1. El sentido de la física filosófica
En el capítulo precedente se señaló la posibilidad de un tipo de conocimientos, denominados «físicos», cuyo objeto tuviera tan sólo la inmaterialidad individual. Tanto en el orden de la existencia como en el de la esencia, tal objeto sería realmente algo material, y en sí mismo estaría dotado de la concreta y respectiva individuación; únicamente en cuanto objeto de especulación científica se hallaría desprovisto de esta individuación, ya que las ciencias especulativas no consideran lo singular en cuanto tal, sino en tanto que es portador de una esencia o valor universal.

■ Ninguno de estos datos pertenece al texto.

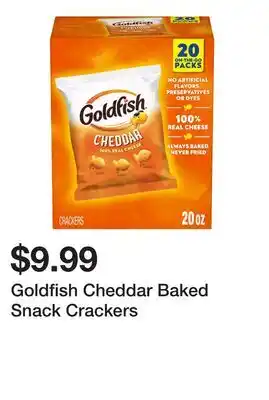 Wegmans Goldfish Cheddar Baked Snack Crackers offer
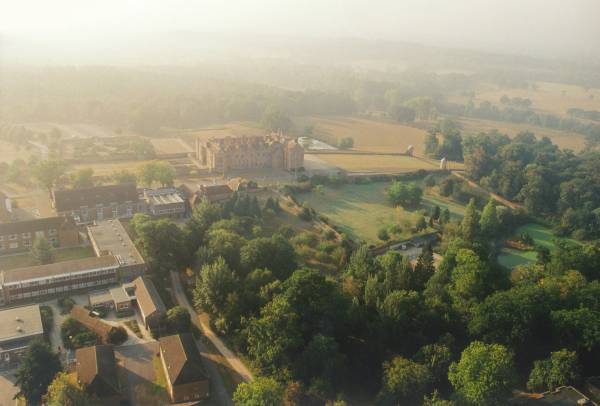 Bramshill police college aerial view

Sea, por ejemplo, la naturaleza «hombre» como materia de conocimiento físico. En sí misma y con independencia de toda especulación, esta naturaleza se encuentra realizada, fuera de la mente, en unos individuos que denominamos hombres. Cada uno de ellos es un ser singular, irreductible a sus semejantes; cada cual tiene su privativa y peculiar entidad, en la que ningún otro le puede sustituir. Pero hay en todos ellos, sin embargo, una naturaleza o dimensión común, algo en lo que todos participan y por cuya virtud se constituyen como miembros de una única especie, denominada humana. La ciencia especulativa, que no logra captar la intransferible singularidad de cada hombre, se adueña, no obstante de esa dimensión común a todos ellos y la hace el objeto de sus indagaciones. Este «objeto», por tanto, carece de materia individual; se halla desnudo de la singular concreción que realmente tiene fuera de la ciencia; es, en definitiva y bajo tal aspecto, algo inmaterial. Mas sólo en ese aspecto. Porque la misma realidad de la naturaleza «hombre», aun desprovista de la individuación, sigue siendo algo en lo que hay materia, o lo que es lo mismo, algo que en la materia es. Todo hombre, en efecto, tiene un cuerpo, al que hace de algún modo referencia la idea universal de hombre como especie del género «animal». Este lastre corpóreo sitúa al hombre, íntegramente considerado, en el plano de la inmaterialidad simplemente «física», por oposición a los objetos de la matemática y los de la metafísica.
En general, todos los seres que, como el hombre, dependen de la materia, por incluirla, en alguna dosis, aun en su misma esencia y definición, son, en cuanto tales, objeto de ciencia «física»[107]. De esta manera, la voz «física» se nos presenta en la terminología filosófica con una especial significación, muy diferente de la que se le asigna en el idioma de las ciencias particulares. En el ámbito de estas vale para designar el conocimiento de un determinado tipo de fenómenos: los fenómenos físicos. En la filosofía, en cambio, denomina a la ciencia de lo que es constitutivamente material (sea o no sea fenómeno). Las realidades no fenoménicas —es decir, no observables, no aprehensibles por los sentidos— constituyen también para el filósofo objeto de ciencia física en la misma medida en que sean materiales, esto es, en cuanto de algún modo incluyan la materia en su interna estructura o naturaleza.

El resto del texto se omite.